As a side note, Elite is oddly the only game from the Spectrum era that I still play regularly today, sort of. On the PC I am today a huge fan of Frontier Developments’ Elite Dangerous, itself a full-service multiplayer reimagining of the game for the modern age. When I have absolutely nothing else to do, rare though that is, I can sometimes be found plowing my trusty Python around space trading in goods, taking out the odd space pirate and occasionally being expensively ganked by the bad actual human players (I’m still learning how to beef up my ship so I can go on the offensive more but this game is so grindy, it’s not called Elite Dangerous for nothing!).
But let’s get back to the 80s, and I loved my 48K Spectrum (which I bought second-hand around 1985 to replace an outdated and mocked-by-friends ZX81!) and would spend hours at a time keying in program listings for games included as part of some of the many Spectrum-related monthly magazines of the era such as Sinclair Programs. Yes really, we actually did that!
Y’see, apart from loading commercial games from cassette tape you could also easily program the Spectrum using its built-in BASIC programming language – like most home computers of the time. No bloated compilers or development environments to install here, just power the Spectrum on, and immediately you’re in a BASIC interpreter. Just as I did, it lead so many of my generation to cut their programming teeth on home computers such as these and then end up following software engineering as their professional careers – once a love of programming has been established, it’s hard to give it up! So in some ways, I can say that without the Spectrums I owned as a kid, I’d probably had never become a programmer and later a software engineering lecturer!

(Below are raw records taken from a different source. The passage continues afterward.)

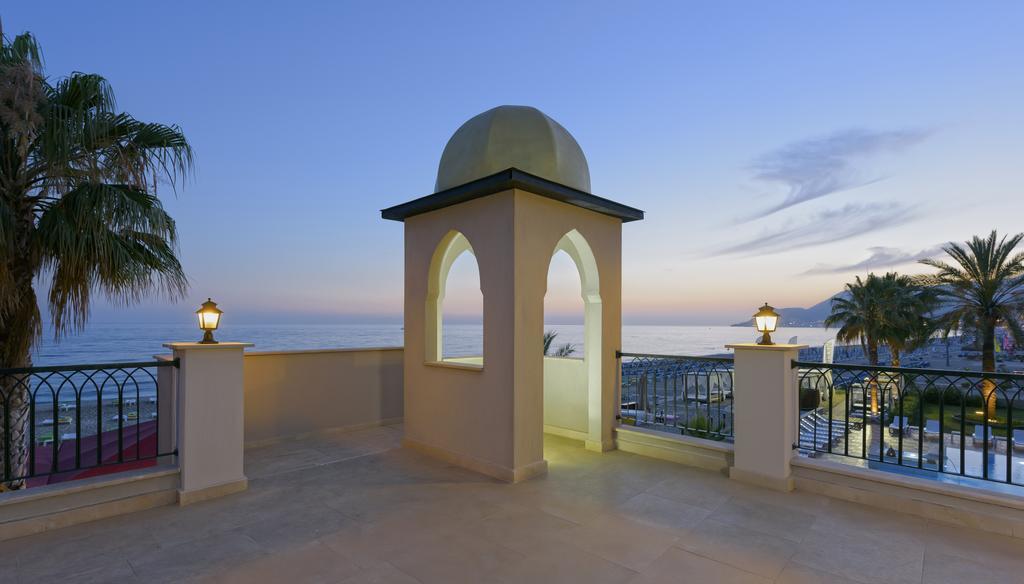 Alaaddin Beach Hotel - Adult Only อลันยา ภายนอก รูปภาพ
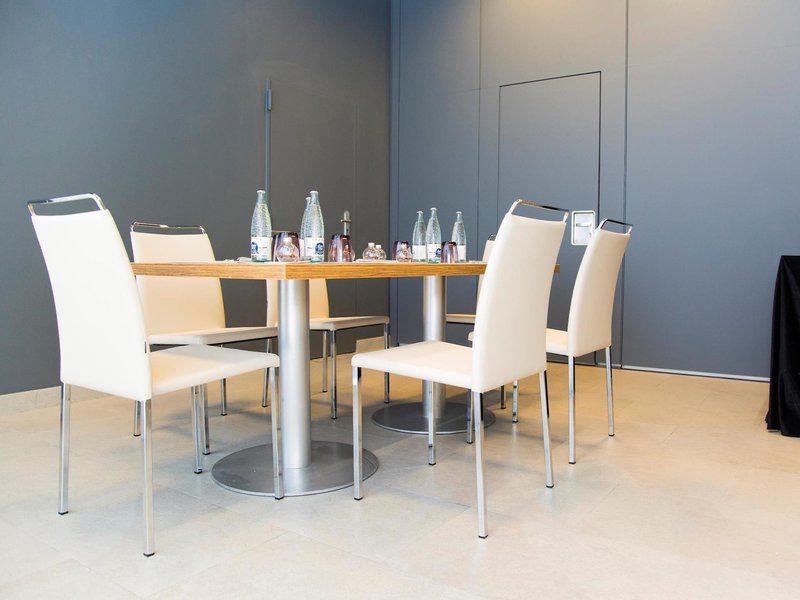 TRYP Valencia Feria 5 - Conference Room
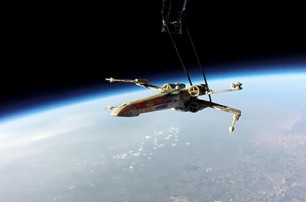 Фанаты «Звездных войн» запустили в стратосферу модель истребителя X-Wing (видео)
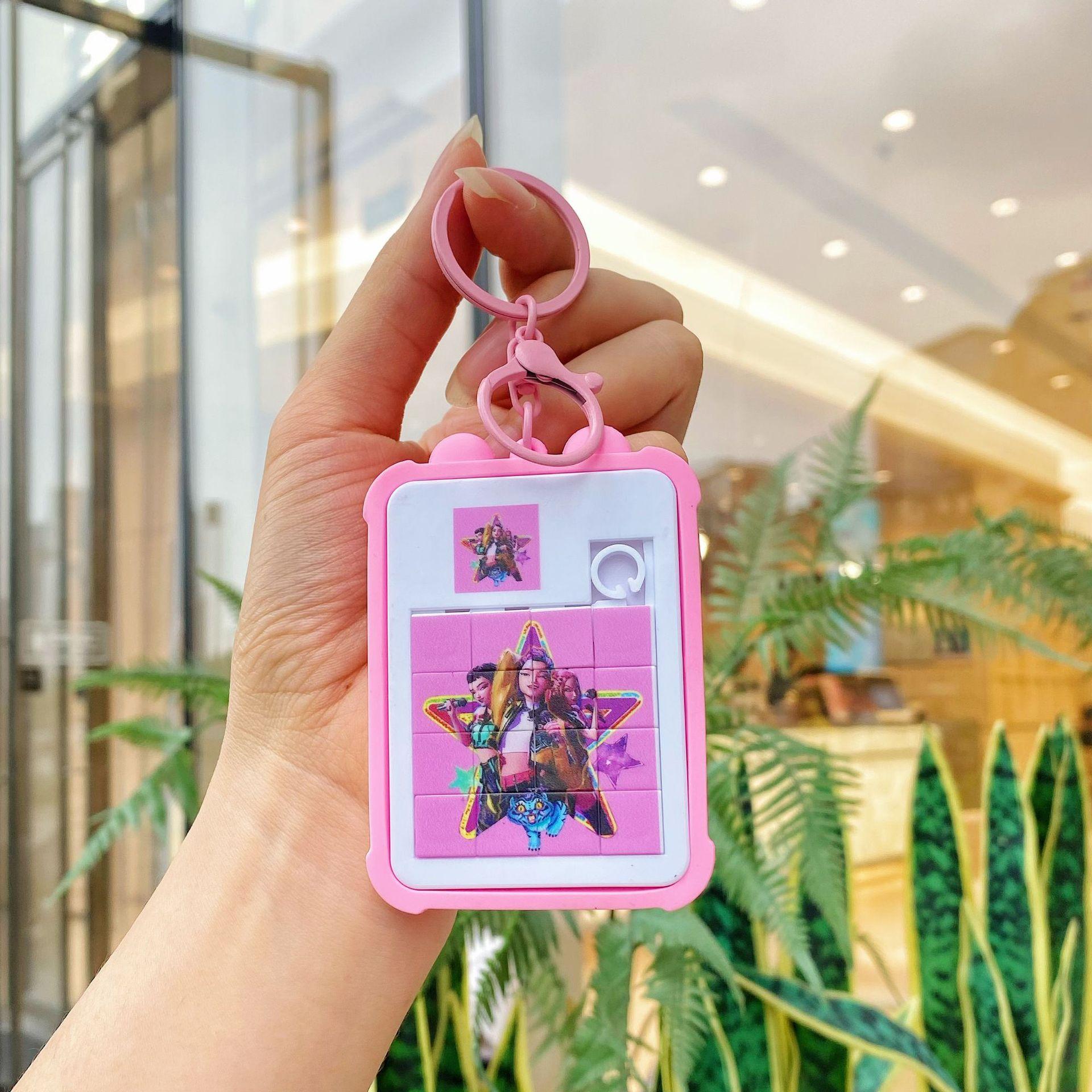 

K-POP Pocket Puzzle Keychain Educational Small Toy Pendant Gift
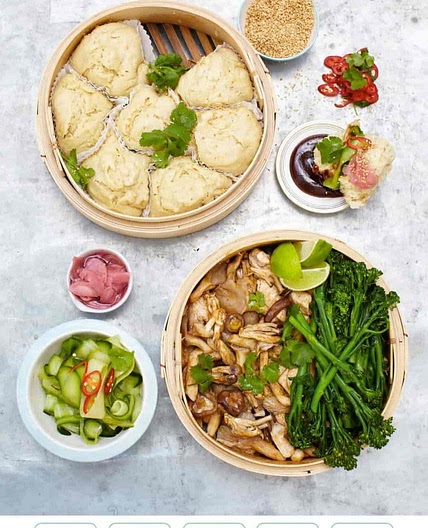 CHICKEN DIM SUM COCONUT BUNS, CUCUMBER PICKLE & HOI SIN SAUCE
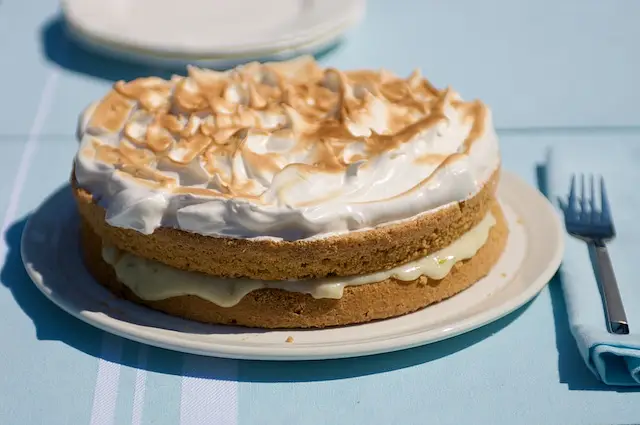Key Lime Cake with Lime Cream Filling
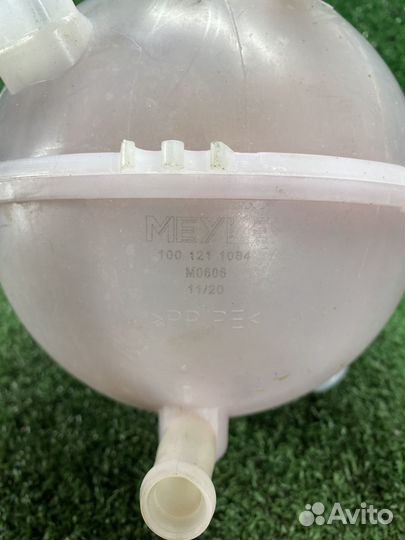 Расширительный бачок Volkswagen Bora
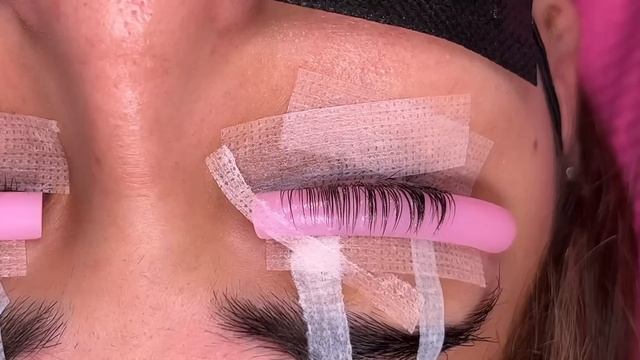 Lash Lift & Tint смотреть онлайн
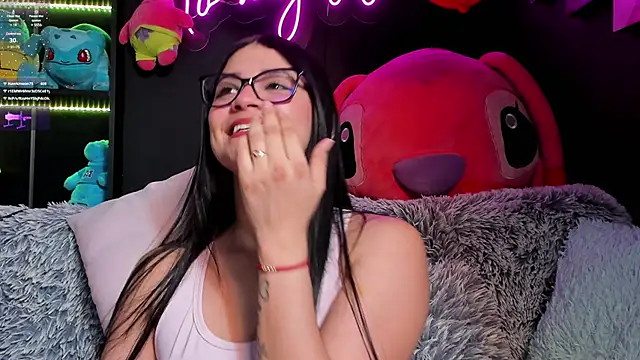 Emilyjhonson 01 online show from March 8, 2025, 3:02 pm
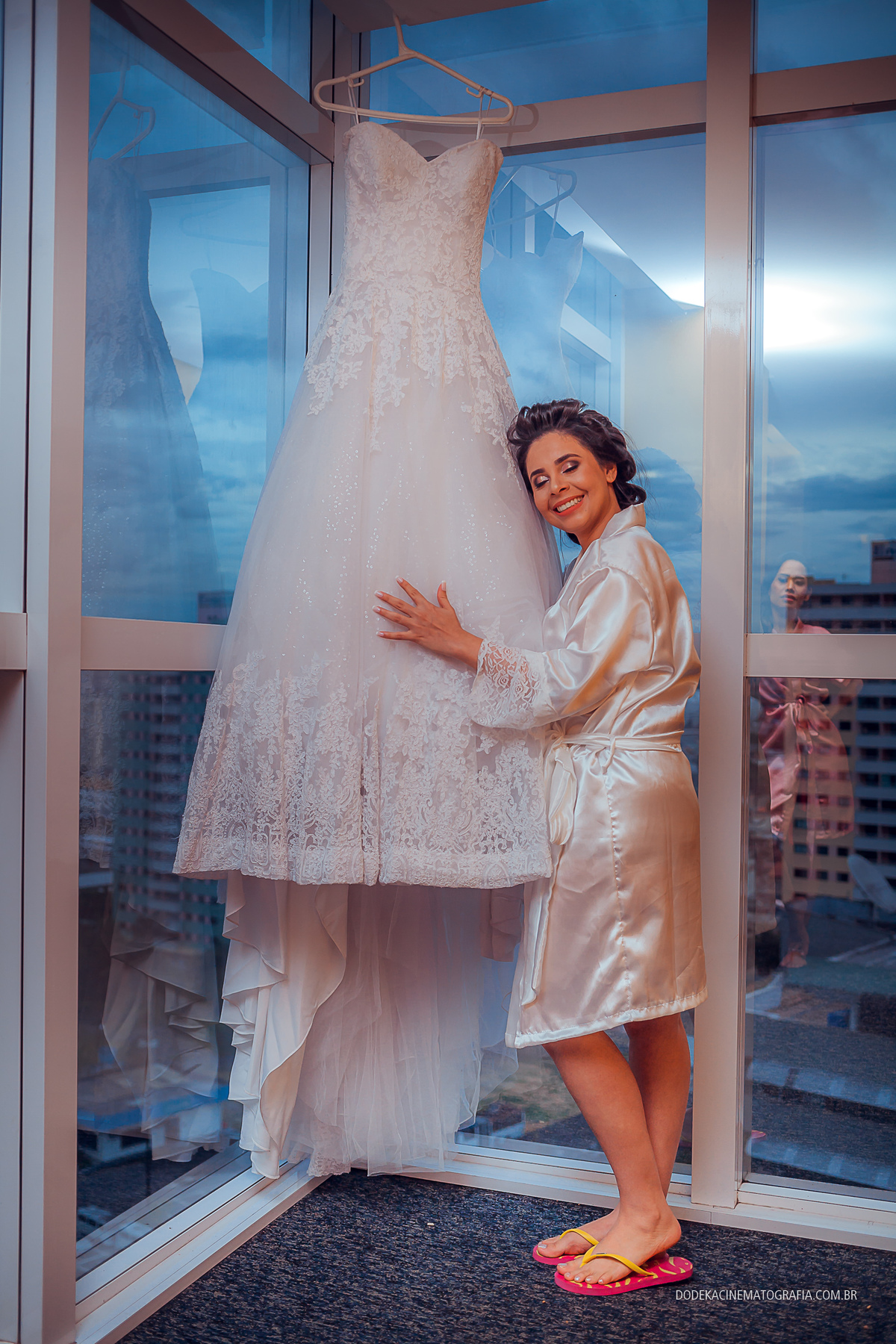 Fotografia de casamento em Manaus do enlace matrimonial de Patricia e Josimar. A noiva Abraça seu vestido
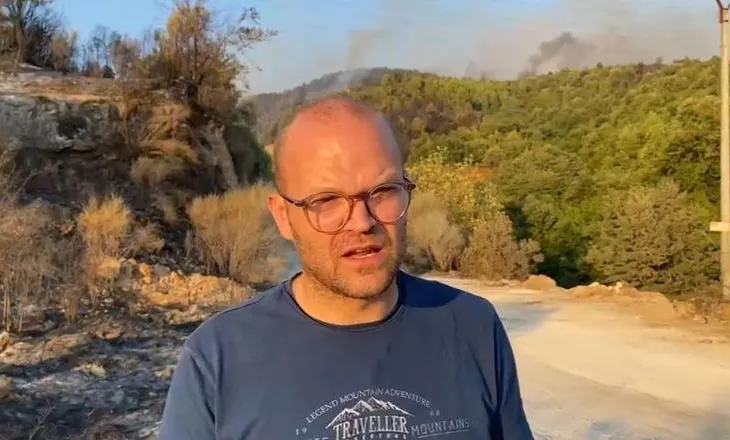 “Tre deri në gjashtë helikopterë, mund të vinin në kontroll situatën”/ Kalaja: Ndërkohë, banorët sillen si zjarrfikës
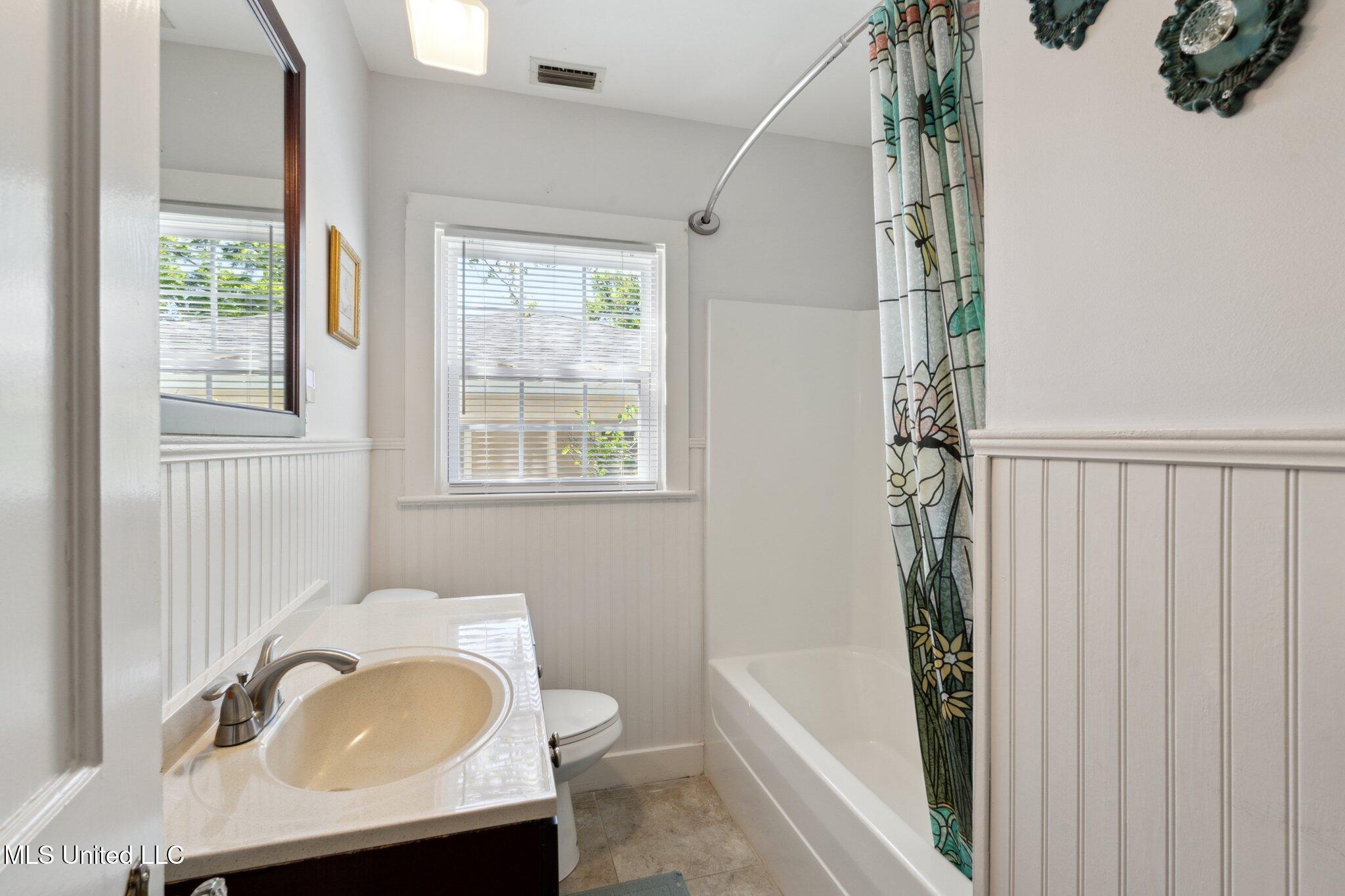 1460 Miller Street, Biloxi, Mississippi image 14
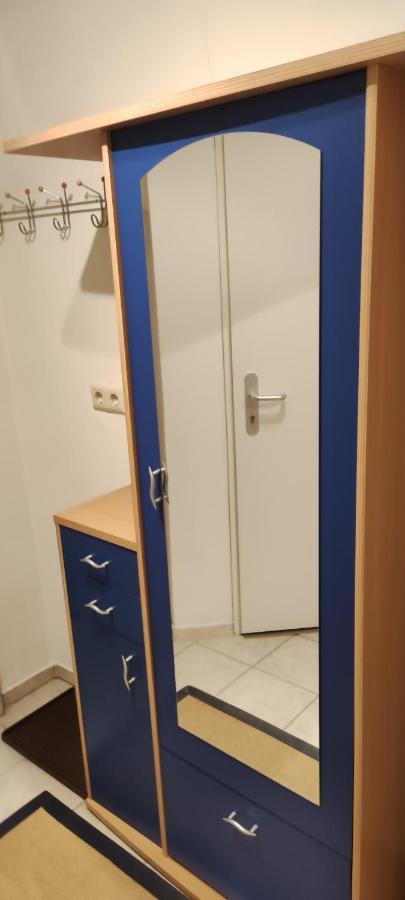 2-Room Appartment Near Westbahnhof Vienna Exterior photo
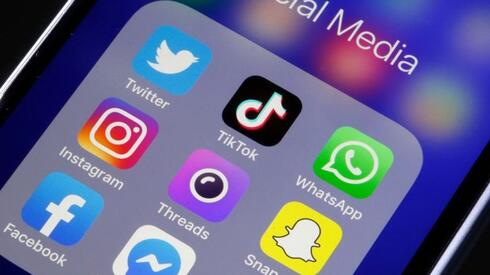 המחלקה לביטחון המולדת בממשל האמריקאי צדה מבקרים במדיה החברתית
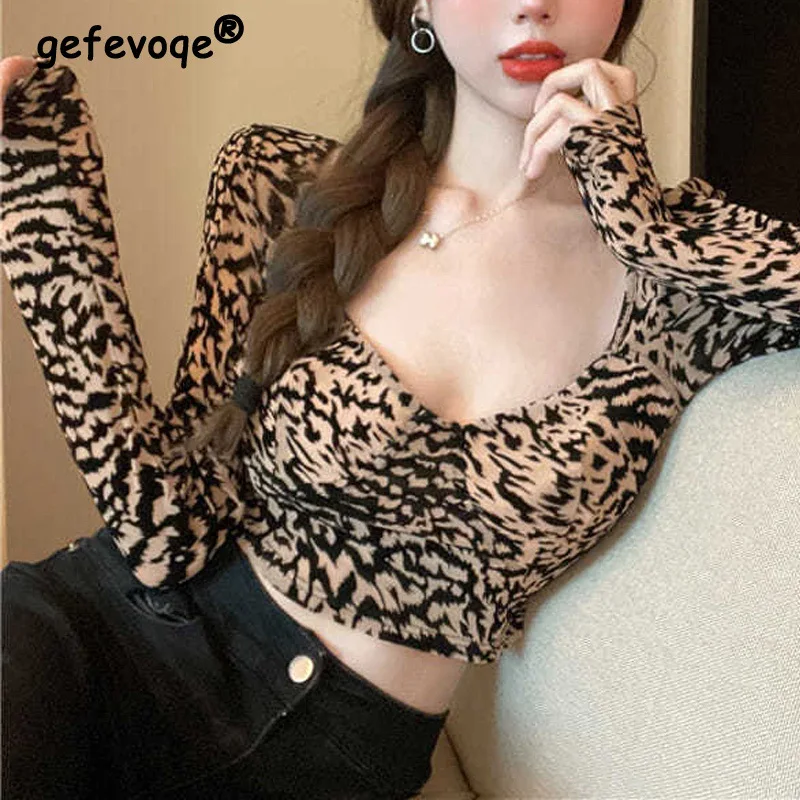 

Женская футболка с леопардовым принтом, длинным рукавом и глубоким V-образным вырезом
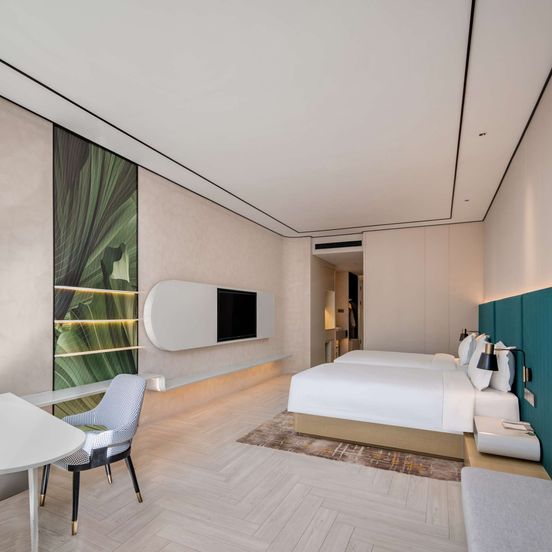 Hilton Garden Inn Nanjing Hexi Olympic Sports Center image 1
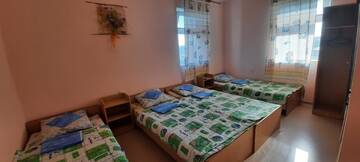Фото номера Улучшенный четырехместный номер Гостевой дом Место под Солнцем г. Железный Порт 5
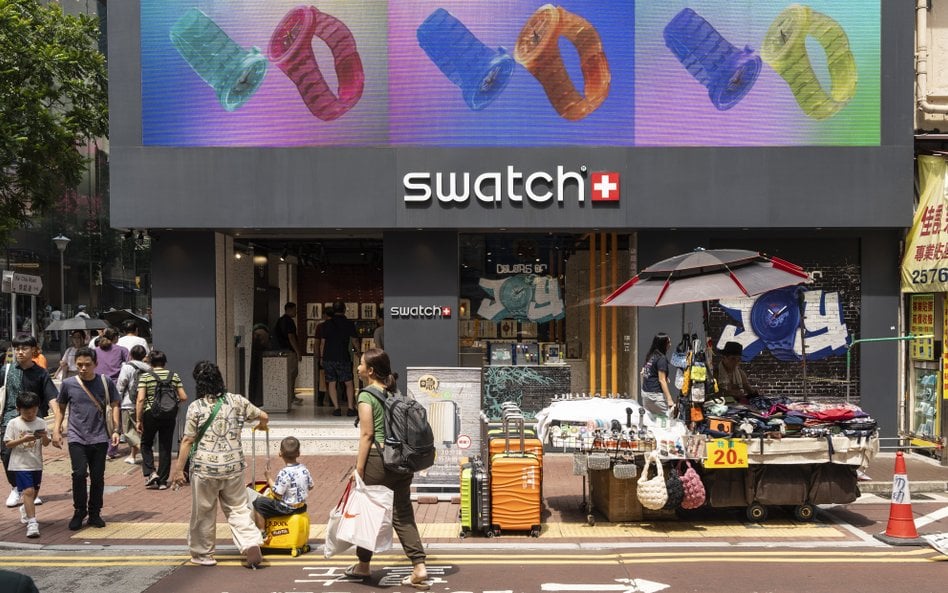 Sklep Swatch przy Russell Street w dzielnicy Causeway Bay w Hongkongu w Chinach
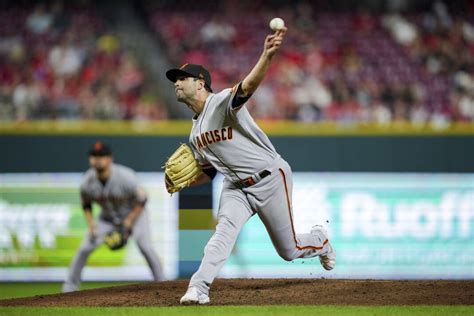 Giants beats Reds 4-2 and 11-10, extend winning streak to 7 and Reds’ skid to 6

There were pages and pages of code in magazines and kids would just sit around at evenings, weekends, and – if parents were really lucky – school holidays and type in a several pages-long listing for a game. Oh, we so knew how to rock back then, eh?! The illustration that went with the listing in the magazine usually showed a fancy and well-drawn spaceship or something equally as cool, but by the time you’d actually got the program finished and running – if it ran at all, sometimes you’d make a mistake that would render the whole thing useless and you’d spend hours hunting down the bugs – you’d see a little block that moved on the screen that vaguely resembled something like a spaceship.
And that little block moved very slowly because oh, the one thing you never knew before – but you do now – is that programs in Sinclair BASIC run very slowly compared to commercial software which was written not in any high-level language (such as BASIC) but in assembly instead, exactly for performance reasons! And writing assembly on a Spectrum is hard, proper hard. Don’t believe me? Take a look for yourself for a challenging and frustrating but rewarding experience!
But via coding in BASIC was simply how you interacted with the machine unless you had loaded a game or other software, such as a spreadsheet package or word processor perhaps – yes, this funny little machine could even be used for word processing, Tasword was used regularly for my college essays during the early 90s and I remember squinting at its irregular and cramped custom 64 characters per line display to this day on a 12″ B&W TV (the Spectrum had 32 characters per line by default)!
The more things change, the more they stay the same
Sadly, fun though all this was, as the decade wore on it was obvious to many that upgrades were needed to keep the Spectrum popular. First, Sinclair Research released a relatively minor update – the ZX Spectrum+ – which was little more than the same 48K Spectrum mainboard inside a new case sporting a new, QL-inspired proper keyboard and a reset button for the first time (I kid you not!). Costing £180 (reduced to £130 in 1985 when the original rubber-keyed machines were axed), inside it was exactly the same machine even if it looked like something rather fancier at first glance from the slick TV adverts put out for it at the time!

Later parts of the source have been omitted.